**Exercise prompt**
After finding the line that holds "RivieraGlow Wijde Broek Dames" below, set down that line and the rest through the final one exactly, leaving the pictures out.

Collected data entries
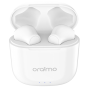 Oraimo FreePods 2 Wireless Earphones with Microphone, White - OEB-E94D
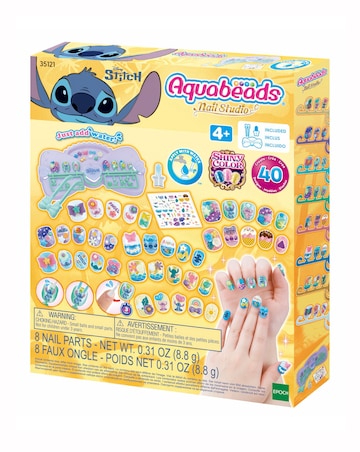 Aquabeads Disney Stitch Nail Designer Kit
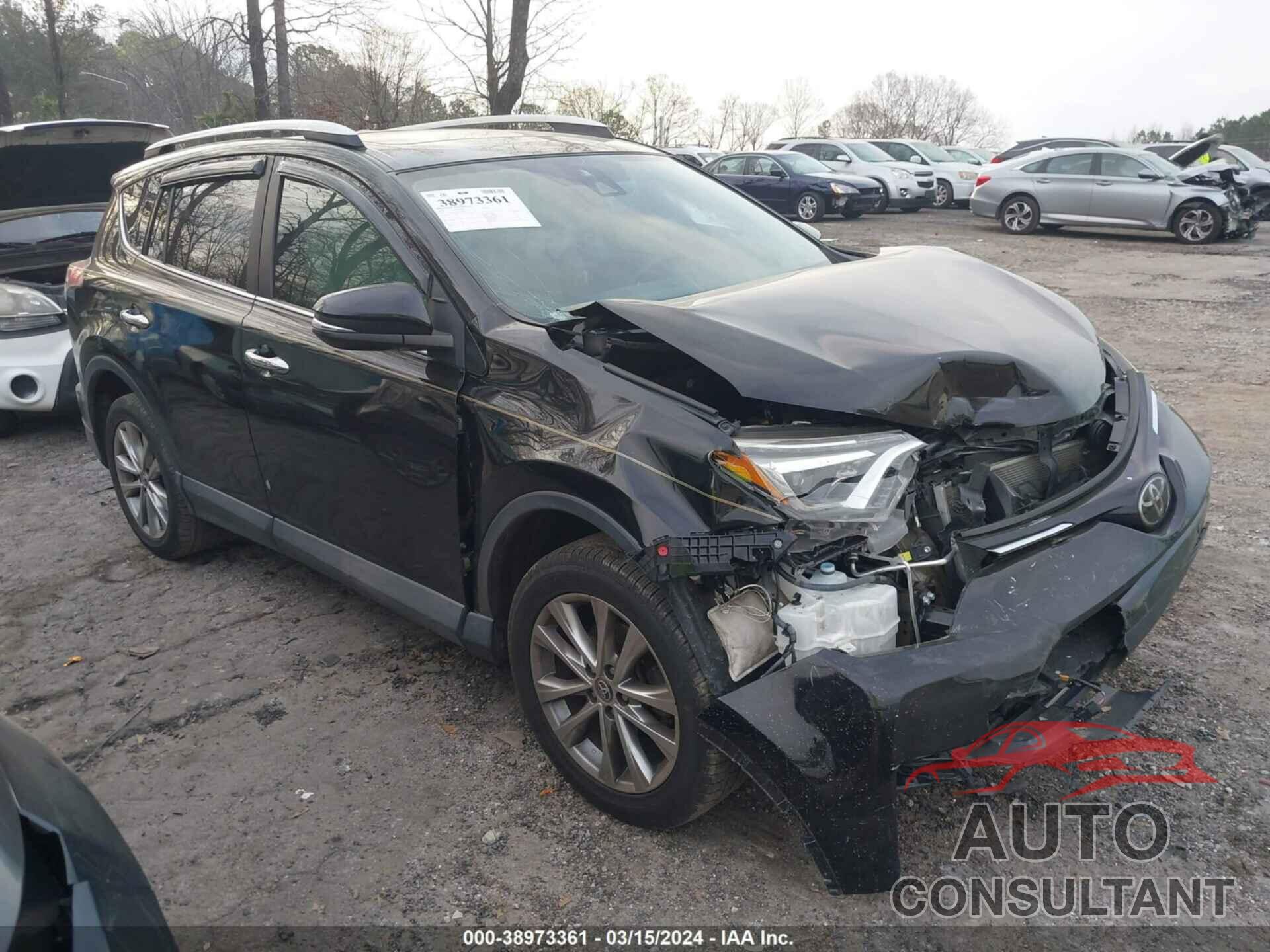 TOYOTA RAV4 2016 - 2T3YFREV3GW310935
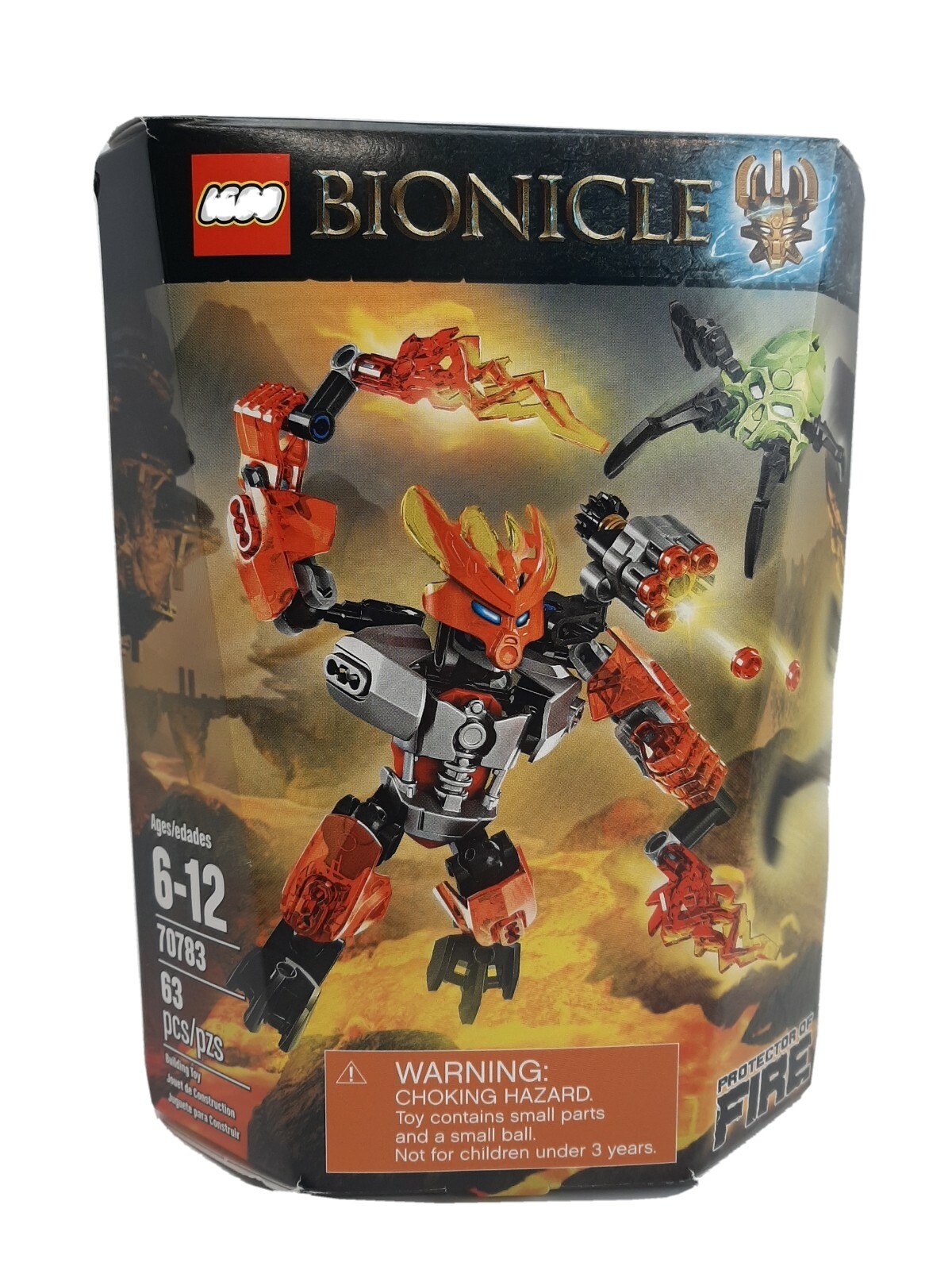 lego bionicle fire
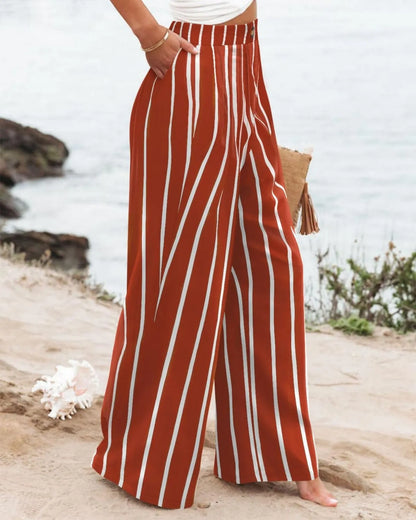 RivieraGlow Wijde Broek Dames
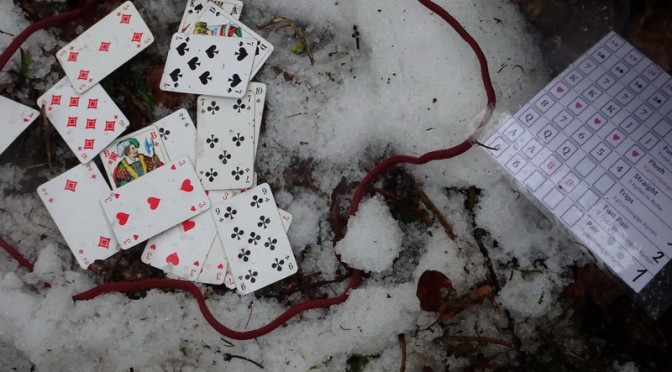 Wichtel und Wölflinge vertreiben den Winter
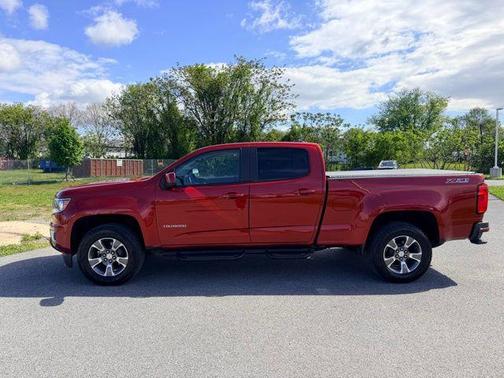 Red Rock Metallic 2015 Chevrolet Colorado Z71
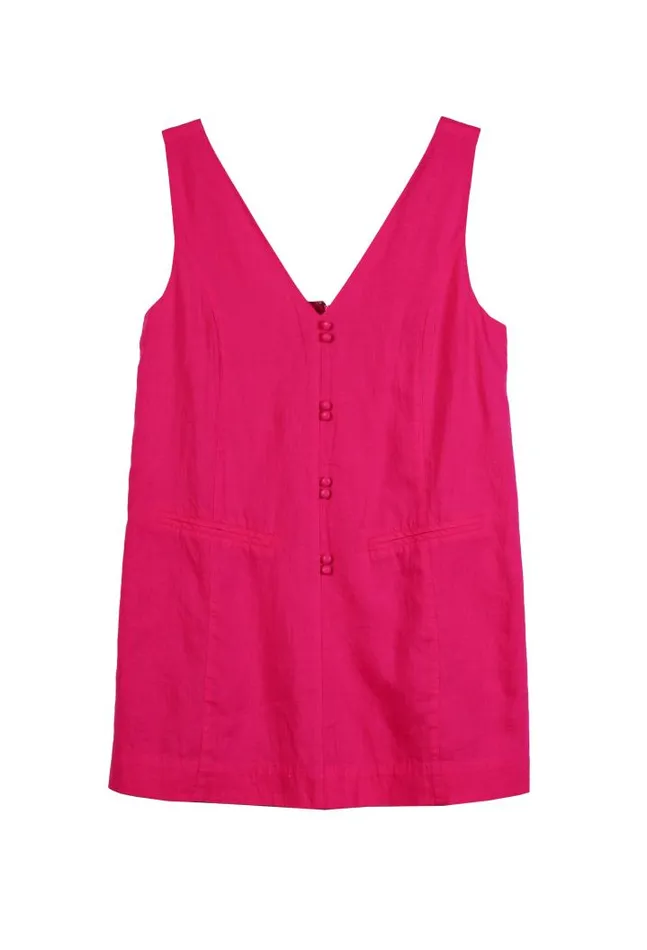 Sale Malena Dress Hot Pink Women Ciao Lucia Mini Dresses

**Result**
 RivieraGlow Wijde Broek Dames
 Wichtel und Wölflinge vertreiben den Winter
 Red Rock Metallic 2015 Chevrolet Colorado Z71
 Sale Malena Dress Hot Pink Women Ciao Lucia Mini Dresses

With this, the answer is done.